ダース投手の関西高校 早稲田実業相手に延長15回の熱戦

 選抜高校野球大会第7日本日の第三試合は、インド系球児ダース投手の関西高校と久々に出場の古豪、早稲田実業の対戦となった。先に関西高校の一回戦での勝利について書いた際、二回戦を『3月31日』と誤って記したことをこの場を借りて訂正したい。
 今大会初の延長戦へと進み、15回までで7対7の同点。大会規定により引き分け再試合となった。三試合のみが予定されていた翌日30日の第4試合にこの関西高校と早稲田実業高校のゲームが組まれることとなった。
 ともに大量得点を挙げる打撃戦となったこの試合で先制したのは関西。三回裏にライトへの犠牲フライで三塁走者がホームインした。だが5回表の早実の攻撃で、ランナーを二塁においてのツーラン・ホームランで逆転。同回裏に関西は一死満塁の場面で左中間へ高く上がった犠牲フライで同点に追いつくという、手に汗握る展開となった。
 しかし続く6回表、一・三塁にランナーを置いた早稲田実業は、レフト前タイムリーヒットで一点追加して勝ち越し、さらには7回にタイムリー・ツーベースで二点奪取、そして犠牲フライでなおも一点加え、追いすがる関西を突き放したかに見えた。
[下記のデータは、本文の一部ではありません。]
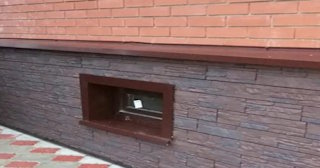 Облицовка цоколя панелями под камень в Шахтах в октябре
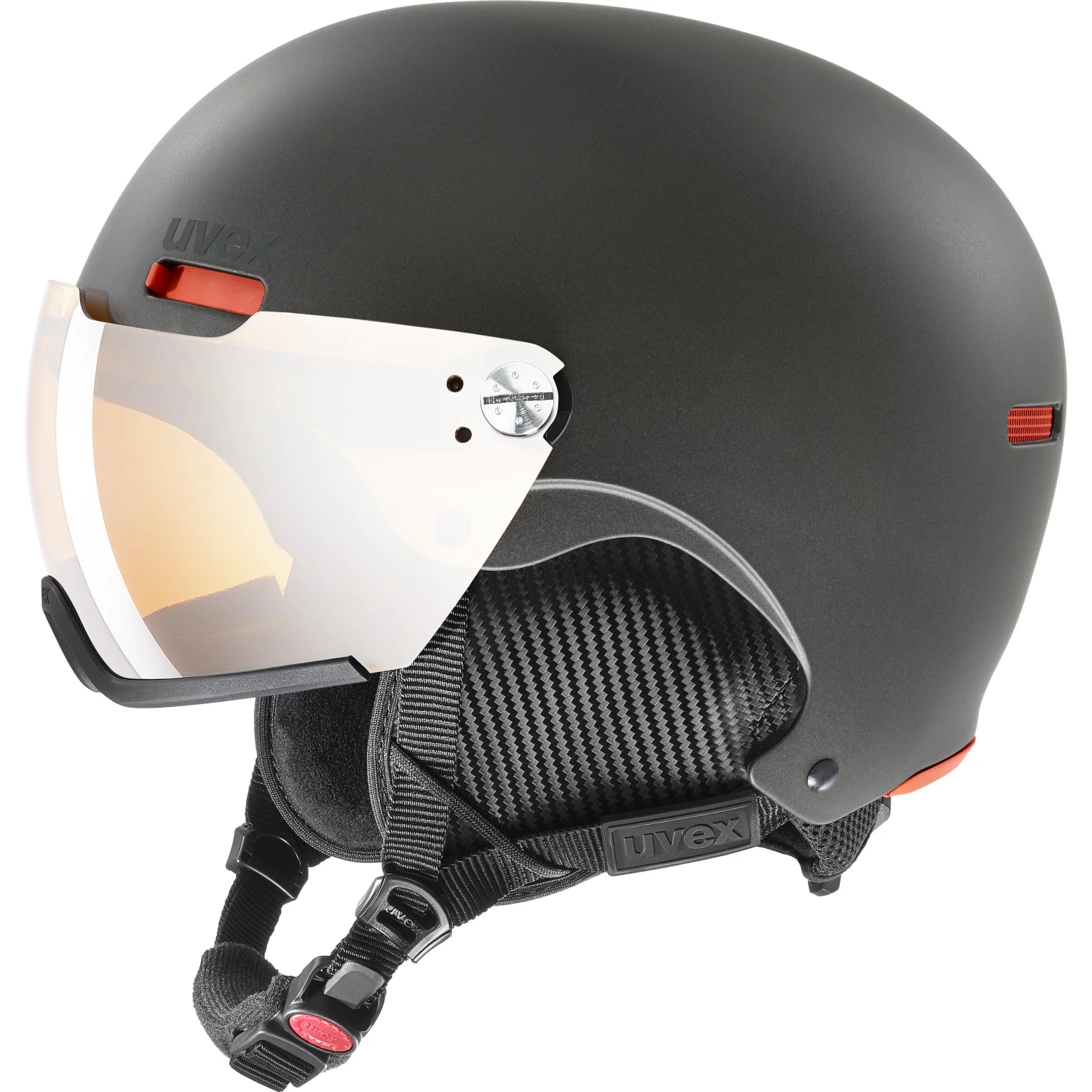 UVEX HLMT 500 VISOR UNISEX Skihelm Snowboardhelm 7 UVEX HLMT 500 VISOR UNISEX Skihelm Snowboardhelm – Bild 5
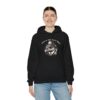Unisex Heavy Blend™ Hooded Sweatshirt with Cute Capybara Design – Warm and Stylish Hoodie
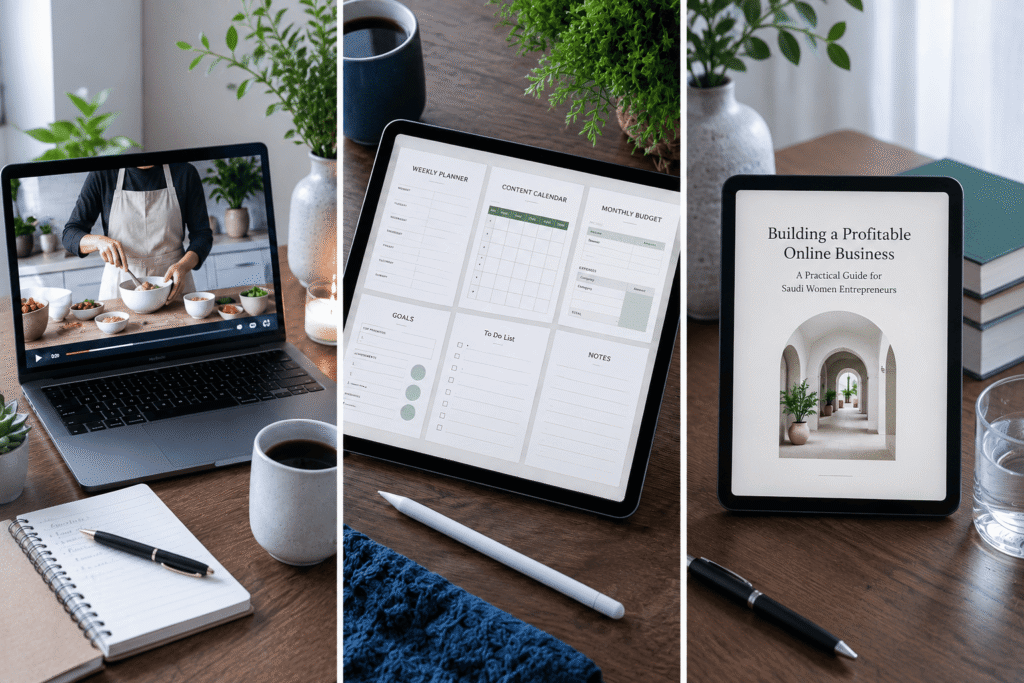 business for women Digital Products & Courses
 だがドラマはまだまだ続く。7回裏に一死走者一塁の場面でツーラン・ホームランが飛び出し、関西は選手たちのダグアウト、応援スタンドともに追い上げムードに沸く。
 それでも9回表の、早稲田実業がライトオーバーのスリーベースによる一点追加により、ついに勝負あったかと誰もが思ったことだろう。だがそれでも関西高校ナインはあきらめなかった。ノーアウト満塁のまたとないチャンスを作りあげ、右中間に走者一掃のスリーベース・ヒットで同点に追いついたのだ!
 延長戦に入ってからは両校ともに相手の得点を許さず15回を迎える。規定上、延長戦の最終イニングとなる同回裏はアウトカウントひとつ、走者二塁という場面でダースの左翼頭上を越えるかと思われる長打性の当たりでそのままサヨナラ勝利か、という決定的な瞬間。 これを早実のレフトを守る選手がギリギリのところで捕らえてセカンドに送球、離塁していた走者は懸命に戻るが間に合わずタッチアウト。素晴らしいファインプレーであった。
 実を言うと私自身、特に野球というスポーツに関心がないので、春・夏に展開される甲子園でのこうした試合を見ることはほとんどなかった。
 しかし昨年、今年と珍しいインド系のダース選手が出ていることから、関西高校の試合ということでなんとなく見ていたのだが、やはり情熱のすべてを野球に注ぎこむ青春真っただ中の球児たちのひたむきさ、負けたら後がないという一発勝負の厳しさを目のあたりにして、ググッと引き込まれてしまった。ともに実力の高い両校のドラマチックな試合展開に興奮し、選手たちの素晴らしいプレーと熱いハートには実に心動かされるものがあった。
 勝負は仕切りなおしとなったが、明日は本日同様、いやそれ以上に大きな感動が待っているような気がする。